Recently I was checking out my site statistics and discovered that her post is one of the  most popular ones on my blog. To date it's been read an impressive 5,316 times. I emailed Susie and told her about the popularity of her post. She was delighted  as it meant that hopefully people have read and may have taken some of the precautions that she had so urgently written about. 

Susie is still struggling to get her inheritance. She still has yet to receive even one cent of her husband's pension of which she is owed. She struggles through each day to earn a living and make ends meet. Susie asked me if she could post an update. 'Of course!' was my reply. Here is her update:

The situation in Libya is bleaker and bleaker by the day. Thanks to Bashir’s foresight of knowing the cupidity of his family at least we managed to finally sell our house and I was able to buy a small flat in London, I have a home. At one point this seemed very unlikely due to the family trying to enact Sharia inheritance law even before Bashir had died. After much wrangling I was also able to bring some of our possessions to London which had been collected and worked for over the 33 years of our happily married life. At the time I felt that I had been hard done by but today I look at Libya and think I was the lucky one I managed to retrieve something.

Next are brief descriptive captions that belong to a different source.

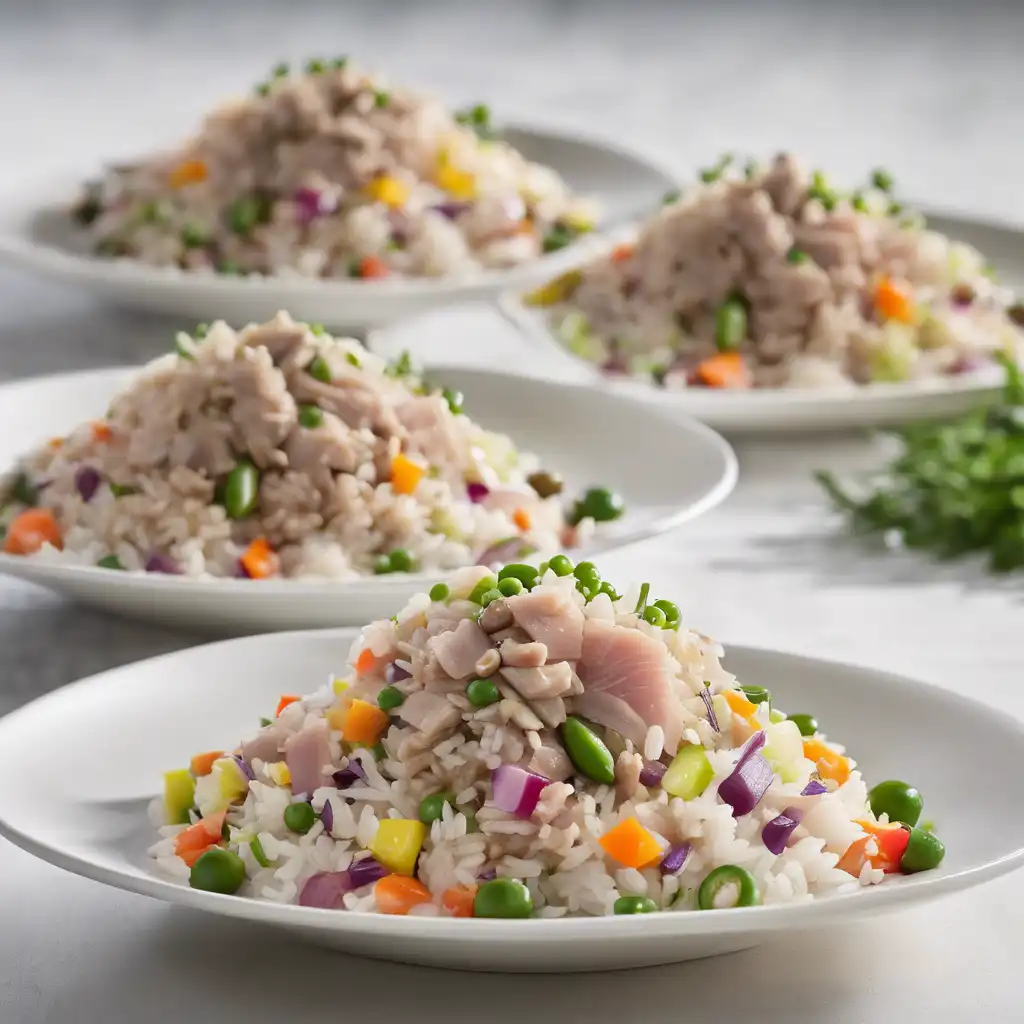 Rice Salad with Tuna and Vegetables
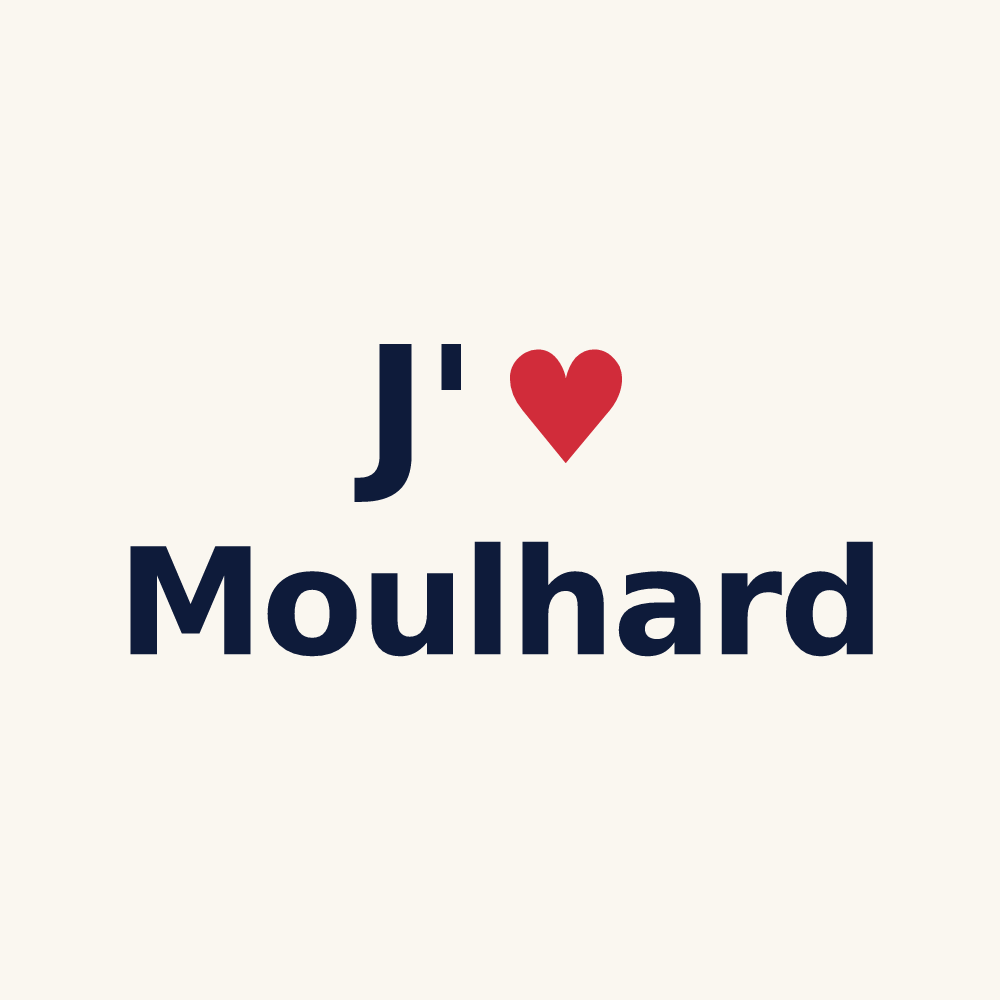 Tasse personnalisée Moulhard — design J'aime Moulhard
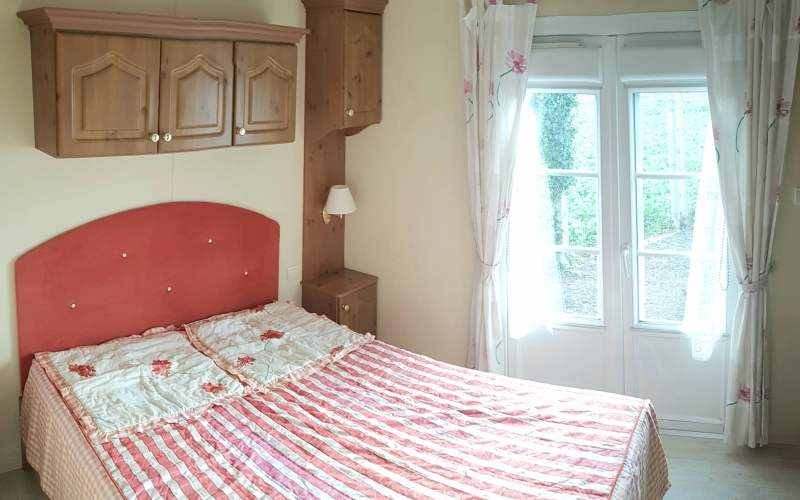 Chambre 1 mobil-home en Normandie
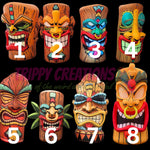 Bespoke inflatable tiki and tropical party props with optional fireproofing and LED lighting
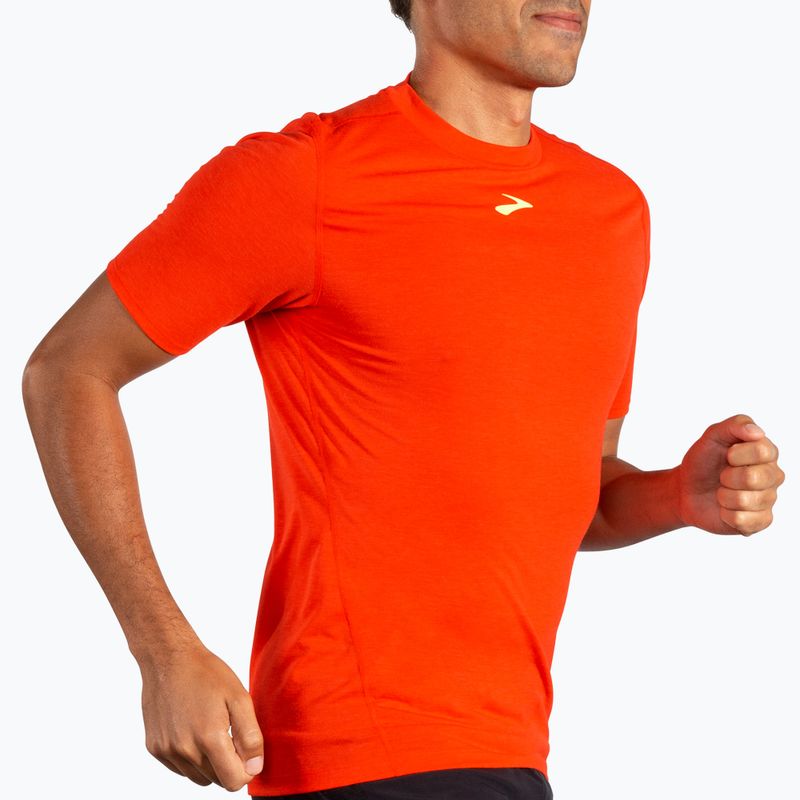 Brooks High Point Kirschtomaten Laufshirt für Männer 3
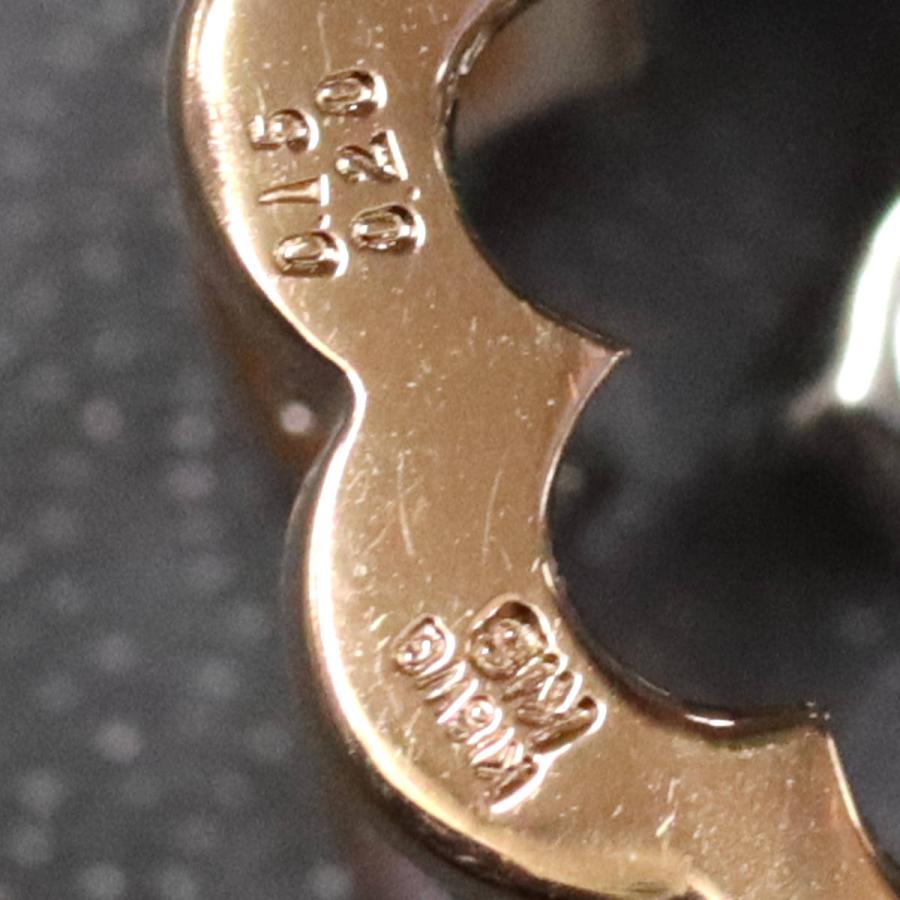 k18WG ダイヤモンドペンダント D0.20ct K18WG/PGダイヤモンドペンダント D0.15 D0.20 3.5g : 鴫原質店 - 通販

The Muslim cemetery where Bashir is buried in England
I have been back to Libya four times this year to make court appearances to try and get my sharia share of our property there being no other rights for a woman when it comes to inheritance in Libya. Bashir’s wishes or a moral obligation have not touched his family. Even the lawyer whom I had instructed was approached by the family to take a bribe?  At the beginning of this year the Libyan legal system ground slower and slower than even in Charles Dicken’s story of the court case Jarndyce and Jarndyce in ‘Bleak House’. Today there are neither courts nor any legal system in place.   Land prices have plummeted, the dinar against the dollar has reached the old black market Gaddafi levels and the country is in a state of civil war with no apparent solution in sight.

As I reflect back to the tales Bashir used to tell me of pre Gaddafi days those who lived then knew they were not all golden times as many of the old elite would like to tell us. However, for the masses the country was safe and there was respect, tolerance and opportunities to better oneself. Today the curse of Libya’s oil wealth has bred a nation of youth greedy for power, who have been brought up under Gaddafi’s regime of corruption and nepotism this is what they understand and know. I realize that the likelihood of my ever being able to reclaim the outstanding debts owed to me by Bashir’s family and the land are increasingly unlikely. Likewise the hope of being able to be paid a widow’s pension are as equally unlikely. 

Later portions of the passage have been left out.